Source code for shap_enhanced.tools.predefined_models

"""
Neural Network Models for Tabular and Sequential Data
=====================================================

Overview
--------

This module defines two neural network architectures tailored for different data modalities:

- **RealisticLSTM**: A bidirectional LSTM model with attention over time, designed for sequential input (e.g., time series).
- **TabularMLP**: A simple multi-layer perceptron (MLP) for static, tabular input.

Both models are suitable for regression or binary classification tasks, and can be used in conjunction with
feature attribution or SHAP-based interpretability methods.

Model Summaries
^^^^^^^^^^^^^^^^

- **RealisticLSTM**:
  - Bidirectional LSTM with configurable depth and dropout.
  - Temporal attention mechanism over LSTM outputs.
  - Feedforward head for final prediction.
  - Input shape: ``(batch_size, seq_len, input_dim)``

- **TabularMLP**:
  - Lightweight MLP with one hidden layer and ReLU activation.
  - Input shape: ``(batch_size, input_dim)``

Use Case
--------

These models are intended for:
- Interpretable machine learning pipelines.
- SHAP explanation experiments on sequential and tabular benchmarks.
- General-purpose regression or binary classification.

Example
-------

.. code-block:: python

    model_seq = RealisticLSTM(input_dim=5, hidden_dim=32)
    model_tab = TabularMLP(input_dim=10)
    y_pred_seq = model_seq(x_seq)  # x_seq: shape (B, T, 5)
    y_pred_tab = model_tab(x_tab)  # x_tab: shape (B, 10)
"""

import torch
import torch.nn as nn

__all__ = ["RealisticLSTM", "TabularMLP"]



[docs]
class RealisticLSTM(nn.Module):
    r"""
    Bidirectional LSTM model with temporal attention for sequential input.

    This model processes sequence data with a bidirectional LSTM and computes an attention-weighted
    context vector across time.
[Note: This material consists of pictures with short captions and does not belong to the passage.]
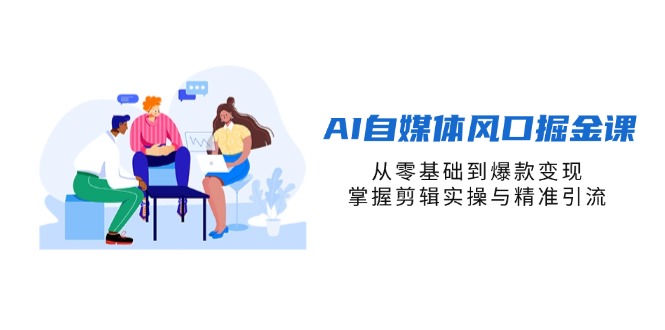 AI自媒体风口掘金课，从零基础到爆款变现，掌握剪辑实操与精准引流-彼飞网创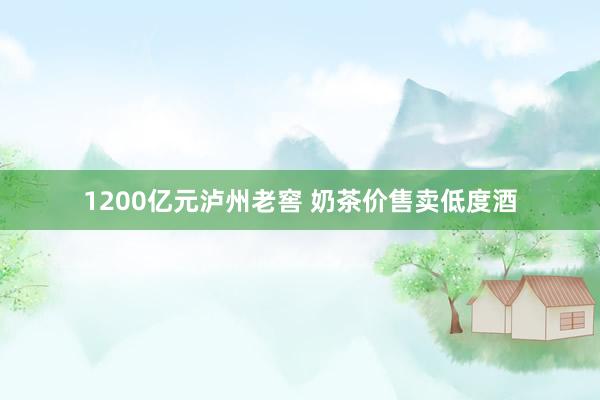 1200亿元泸州老窖 奶茶价售卖低度酒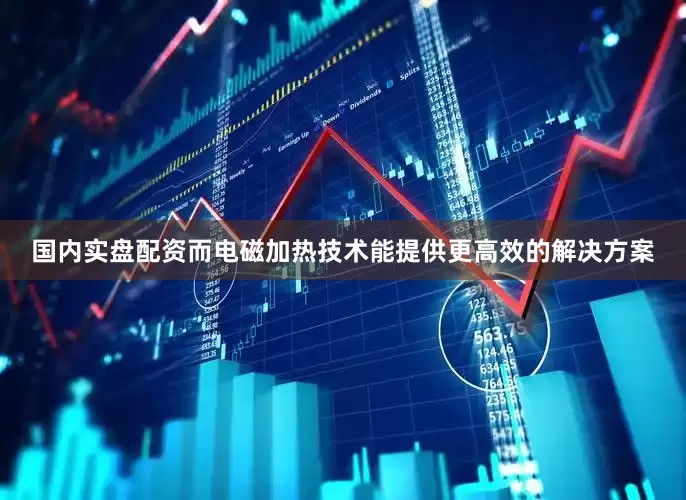 国内实盘配资而电磁加热技术能提供更高效的解决方案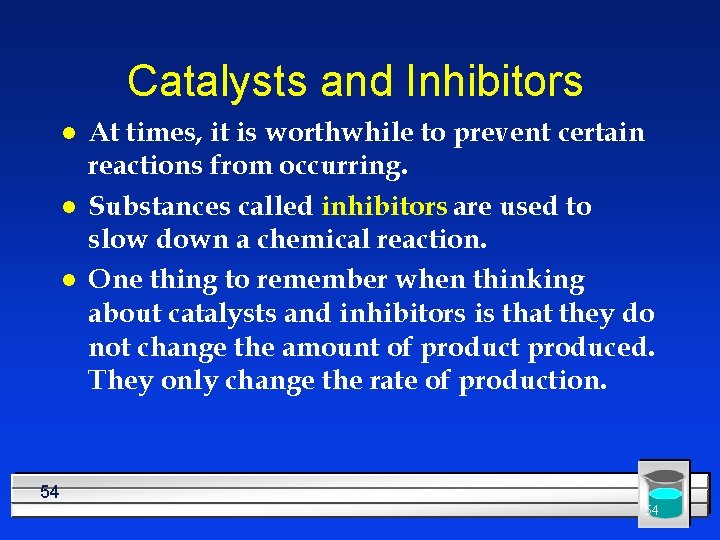 Catalysts and Inhibitors l l l At times, it is worthwhile to prevent certain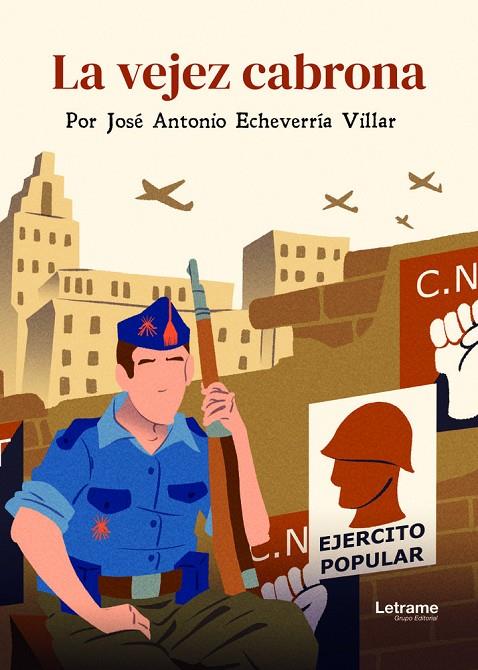 VEJEZ CABRONA, LA | 9791370129958 | ECHEVERRIA VILLAR, JOSE ANTONIO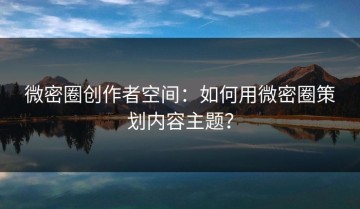 微密圈创作者空间：如何用微密圈策划内容主题？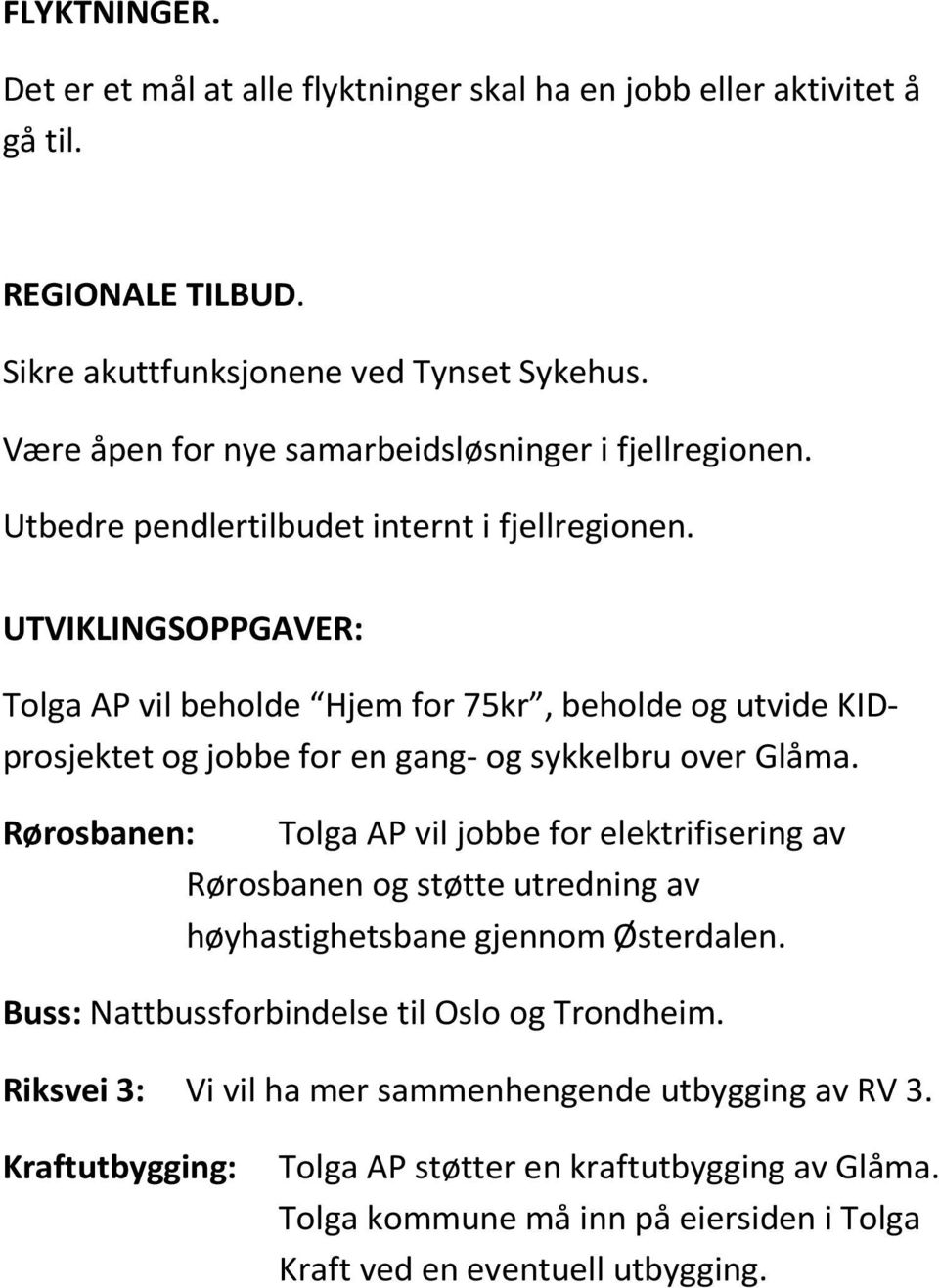 UTVIKLINGSOPPGAVER: Tolga AP vil beholde Hjem for 75kr, beholde og utvide KIDprosjektet og jobbe for en gang- og sykkelbru over Glåma.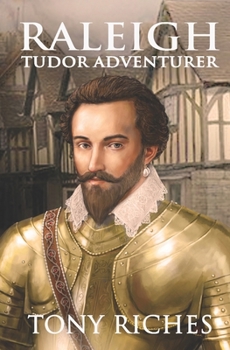 Paperback Raleigh - Tudor Adventurer Book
The resulting vector is passed through a feedforward head for final prediction.

    .. note::
        Designed for regression or binary classification tasks on temporal data such as time series.

    :param int input_dim: Number of input features at each timestep.
    :param int hidden_dim: Hidden size for LSTM and intermediate layers (default: 32).
    :param int num_layers: Number of LSTM layers (default: 2).
    :param int output_dim: Output dimension, e.g., 1 for scalar prediction (default: 1).
    :param float dropout: Dropout rate applied after attention context (default: 0.2).
    :return: Output tensor of shape (batch_size, output_dim).
    :rtype: torch.Tensor
    """

    def __init__(
        self, input_dim, hidden_dim=32, num_layers=2, output_dim=1, dropout=0.2
    ):
        super().__init__()
        self.lstm = nn.LSTM(
            input_dim,
            hidden_dim,
            num_layers=num_layers,
            batch_first=True,
            dropout=dropout,
            bidirectional=True,
        )
        self.dropout = nn.Dropout(dropout)
        self.attn_fc = nn.Linear(hidden_dim * 2, 1)  # attention over time
        self.head = nn.Sequential(
            nn.Linear(hidden_dim * 2, hidden_dim),
            nn.ReLU(),
            nn.Linear(hidden_dim, output_dim),
        )


[docs]
    def forward(self, x):
        out, _ = self.lstm(x)  # (B, T, 2*H)
        attn_weights = torch.softmax(self.attn_fc(out).squeeze(-1), dim=1)  # (B, T)
        context = torch.sum(out * attn_weights.unsqueeze(-1), dim=1)  # (B, 2*H)
        context = self.dropout(context)
        return self.head(context)





[docs]
class TabularMLP(nn.Module):
    r"""
    Lightweight multilayer perceptron (MLP) for tabular regression or classification tasks.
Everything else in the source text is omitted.